Last Self Portrait by Lovis Corinth

The most affecting self-portraits, of course, are those made in the artist's old age. The face that once held knowledge of life now holds the knowledge of extinction. Munch's desolate Self Portrait between the Clock and the Bed, Lovis Corinth's Last Self Portrait, Bonnard's humbling portrait of himself in the bathroom mirror: for these artists such pictures mark the conclusion of the project of self-realization, an undertaking that appears to yield at its end an absolute certainty that there is nothing beyond the self and its death. By contrast, Van Gogh's late self portraits show a greater and greater objectivity, a kind of offering up of the ego to what is eternal in art itself, what Cumming brilliantly calls the "aura" of his paintings. "It is difficult to know yourself," Van Gogh wrote once in a letter, "but it isn't easy to paint yourself either."

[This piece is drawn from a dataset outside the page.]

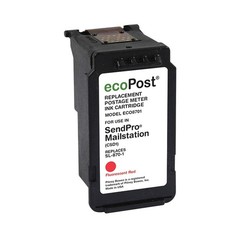 ecoPost Remanufactured Postage Meter Ink Cartridge for Pitney Bowes SL-870-1 Red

...Look at Lovis Corinth. Painters don't only have eyesight that can go wrong. They have hands too. And in 1911, in his early fifties, Corinth had a stroke. He recovered from it, and lived almost another 15 years. But his work never forgot it. After that, his painting has the shakes.

...Two years later, very near the end, there is the Last Self Portrait.

It shakes all over, and you can interpret these shakes in various ways. The artist's hand can't hold a brush steadily. The artist's eye can't grasp the solid world before him. This way of painting emphasizes the decrepitude of the old artist's flesh. It declares the befuddlement of the artist's mind. And all these effects could be perfectly conscious and controlled choices.

But with any picture, and especially a picture like this, talk about control and loss of control misses the point. The process is all reciprocal, reflexive. In the Last Self Portrait, Corinth is acknowledging and no longer resisting and, all the same, dramatizing his debility. The eyes are skew whiff and lose their focus. The mouth can't mouth properly. The highlights glitter all over the place. The face is made of jabs and blotches. The eyebrows fly.

At every point, the picture goes in and out of breakdown. That is its performance. It's about what it is to lose, and what it is to keep, one's grip. It keeps on not quite totally losing it. It holds together by going with the forces of disintegration. It renounces mastery but it doesn't give up on art. Using the momentum of a useless limb, it makes a new wild dance.